Foto: Juan Antonio López del Amor (Archivo personal) |
La primavera más bella que he contemplado nunca estuvo en los ojos de mi padre. Tenían el verdor y la luz radiante, la humedad precisa, y los sueños en reposo a la espera de su floración. Cuando quiero volver a la esperanza y emborracharme de alba, tengo dos lugares a los que escapar: la sonrisa de mi niña y los ojos de mi padre.
A los ojos de mi padre se asomaba la bondad, como una joven hermosa inclinada al balcón, ansiosa por contemplar la vida. Yo podía verla cuando los miraba, pues la felicidad, incapaz de esconderse entre los rincones, encontraba allí su reflejo. Cuando mi padre era feliz lo proclamaban sus ojos, y la sonrisa siempre llegaba después, incapaz de alcanzarlos.

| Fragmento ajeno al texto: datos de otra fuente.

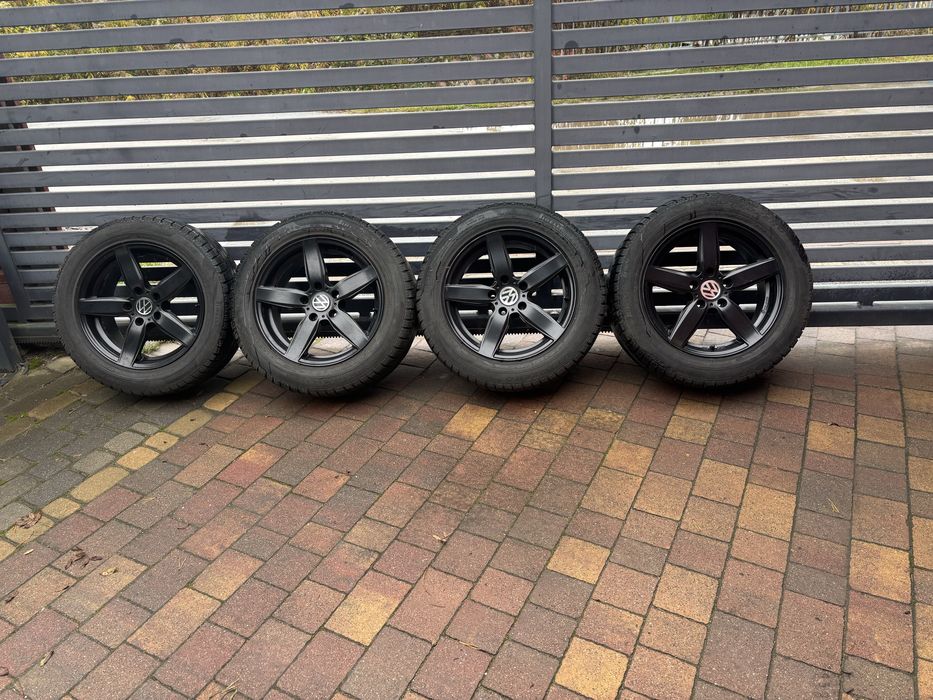17” Vw Multivan. T5-T6  5x120 / 235/55R17 Pirelli Sottozero - zima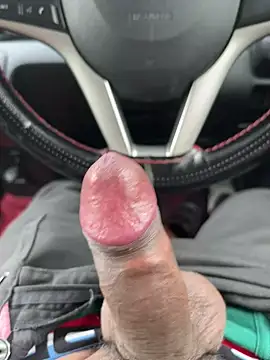 Snapshot of BadboySLR_8899 chatting on September 19, 9:11 am BadboySLR 8899 online show from September 19, 9:11 am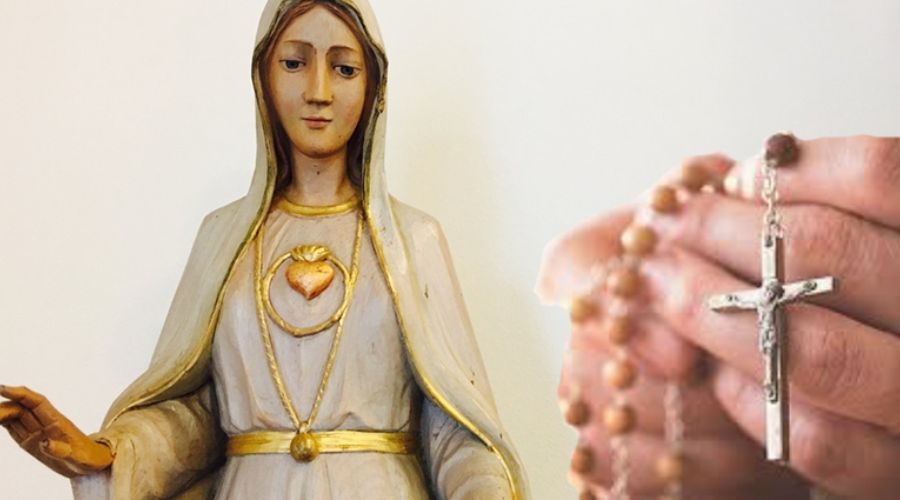 ¿Cómo rezar el rosario de manera sencilla y llegar al corazón de María?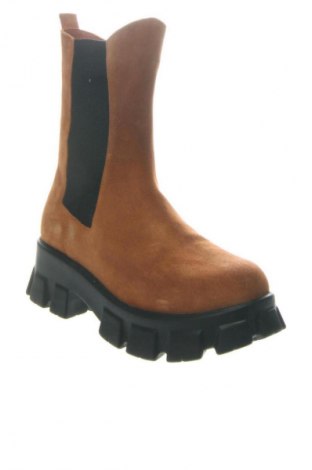 Дамски боти Unbranded, Размер 38, Цвят Оранжев, Цена 102,99 лв.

Todavía hoy, si por alguna cosa me avergüenzo, o no estoy contenta de mí, busco como último recurso mirarme con los ojos de mi padre, y a través de sus aguas, renovar las promesas de mi inocencia bautismal.
Solo tuve esa luz, ese borbotón de primavera durante ocho años, la época dorada de mi infancia. Pero su fuerza permanece cuando la inmundicia me cerca, y levanta una atalaya sobre la miseria para que mi mirada pueda alcanzarlo. Y así, mirándome en su espejo, pueda beberme un sorbo de pureza.
Porque la primavera más bella que he contemplado nunca, estuvo y sigue estando en los ojos de mi padre.